The Patience Argument
Hold advocates note the stock has absorbed enormous good news. The 30-day composite sentiment trend slipped 5.03 points, and the bear case scenario implies -7.34% downside over twelve months.
Waiting for a pullback toward the 50-day moving average of $373.11 would offer a cleaner entry. The question is whether that dip arrives before Q2 earnings reaccelerate the narrative.
What The Street Shows
TSM currently trades at $412.32 against a consensus analyst target of $467.84, implying roughly 12.29% upside.
Coverage breaks down as:
- Strong Buy: 5
- Buy: 12
- Hold: 2
- Sell: 0
Year to date, TSM has rallied 36.06%, while the S&P 500 proxy has climbed from $710.14 to $750.59 since the Q1 earnings release. TSM is meaningfully outpacing the broader market.
The Verdict: The Foundry That Owns The AI Bottleneck
At $412.32, Taiwan Semiconductor screens favorably on the data presented here.
Q2 guidance points to 32% year-over-year revenue growth, N2 entered high-volume production in Q4 2025, and the AI accelerator market is compounding in the higher 50s CAGR through 2029. With 2027 capacity already characterized as “very tight,” pricing leverage extends well beyond the current quarter.

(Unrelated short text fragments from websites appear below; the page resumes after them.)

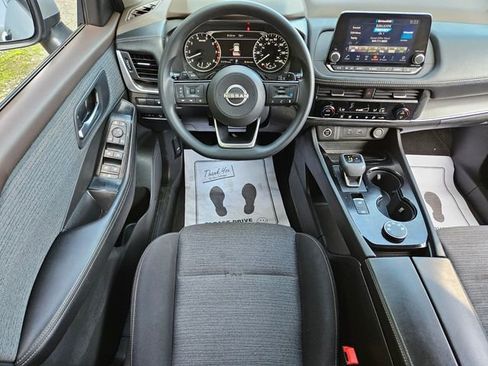 Used 2023 Nissan Rogue SV AWD/4WD image 11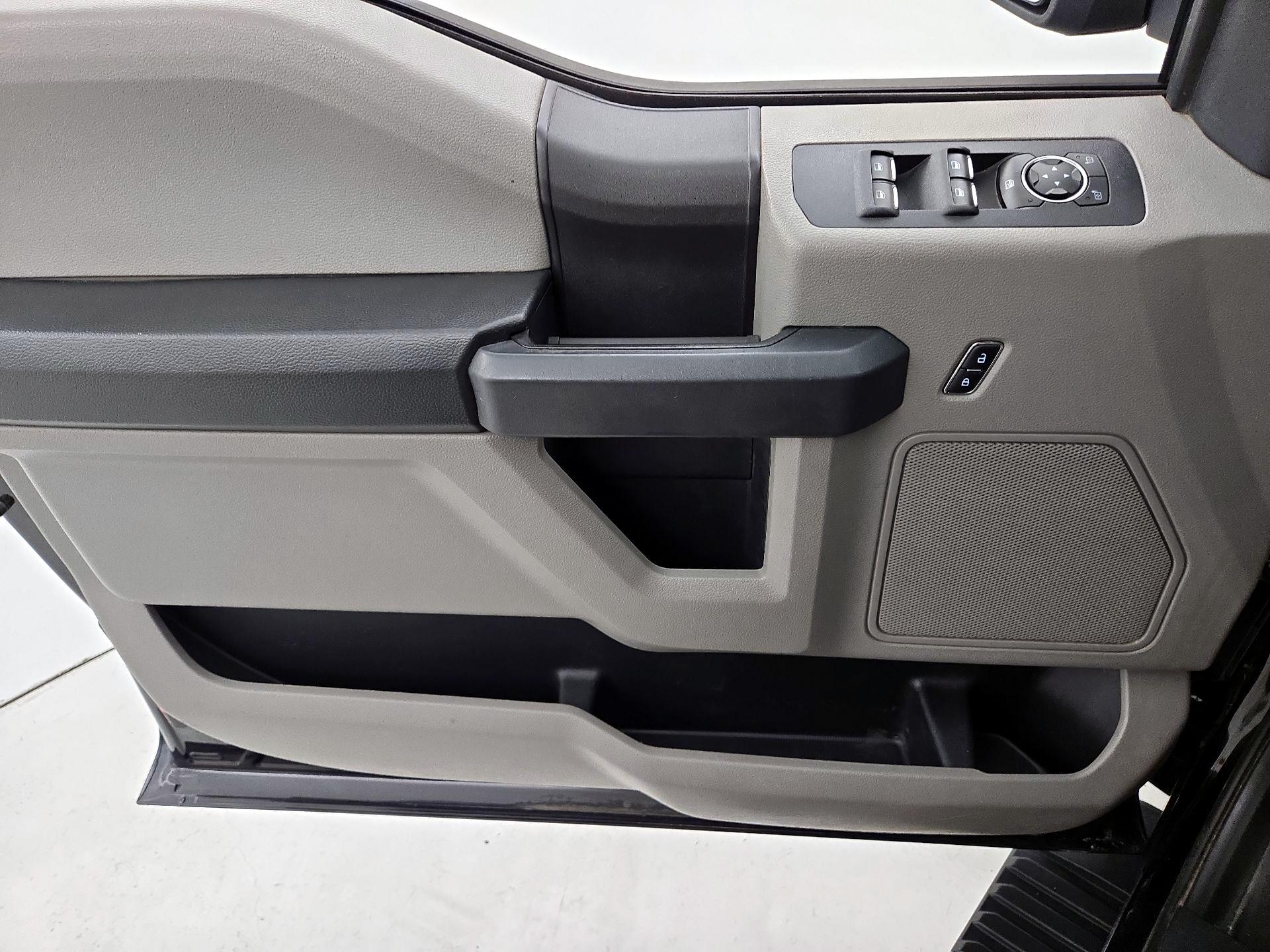 Thumbnail: 2016 Ford F-150 - 12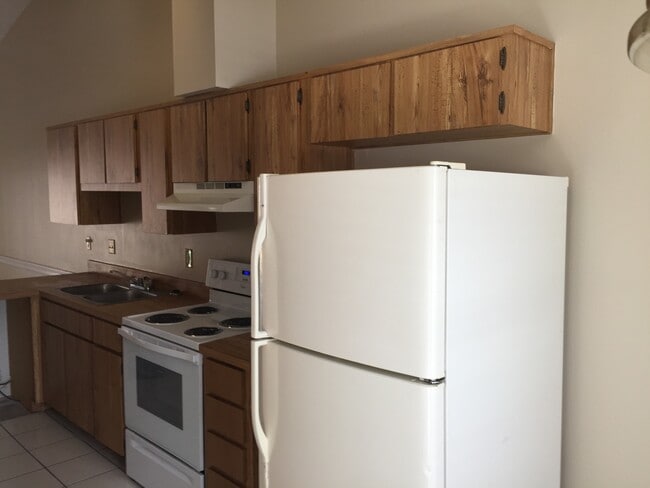 Building Photo - 2 bed 2 bath with Fenced in backyard!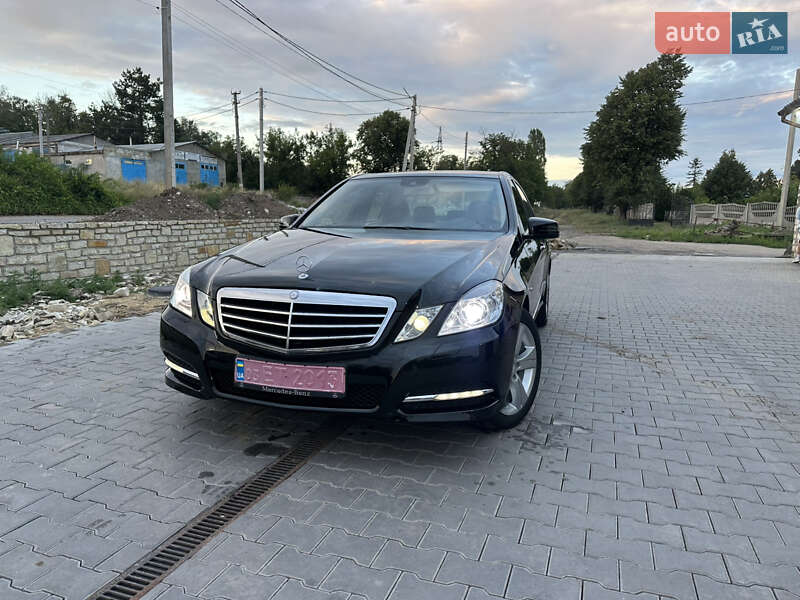 Седан Mercedes-Benz E-Class 2012 в Ямполе
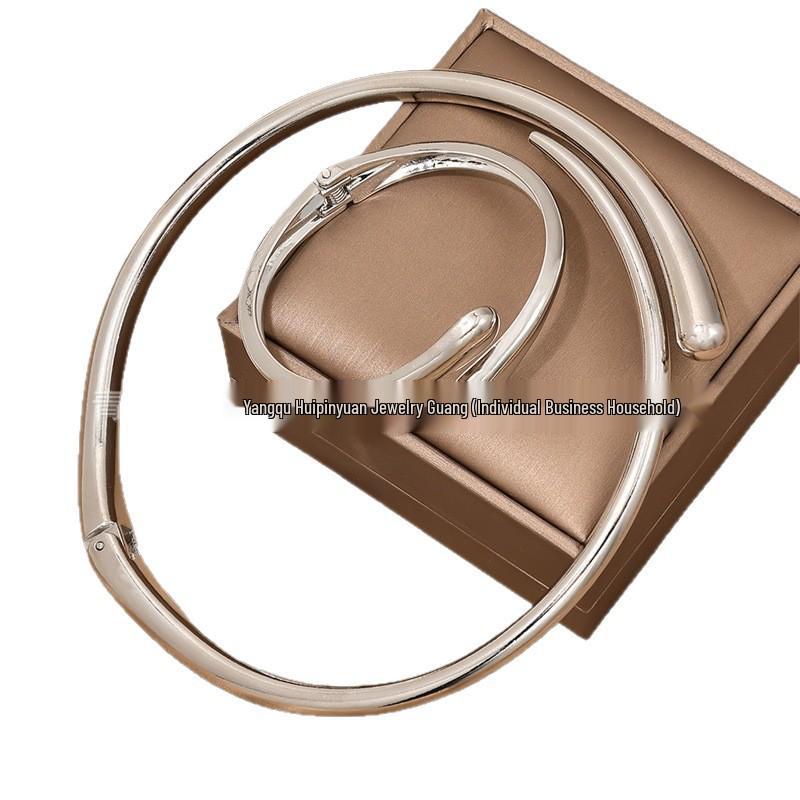 Набор из 3 минималистичных геометрических колец из тяжелого металла и модного браслета. Gold bracelet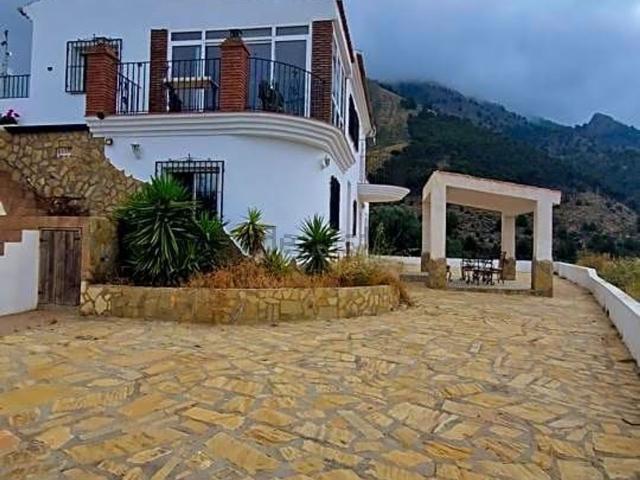 Casa rústica, Alcaucín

The base case targets $473.08 for 14.74% upside, with a bull case reaching $551.20. The five-year base case projects 57.05% total return.
What would invalidate the thesis: a hyperscaler capex reset, a credible competitor 2nm yield breakthrough, or a Taiwan Strait escalation. Watch July earnings, Arizona ramp milestones, and the H2 2027 second 3nm fab schedule.
TSMC owns the only fab capacity the AI buildout cannot route around, and the market is paying a reasonable multiple for that monopoly.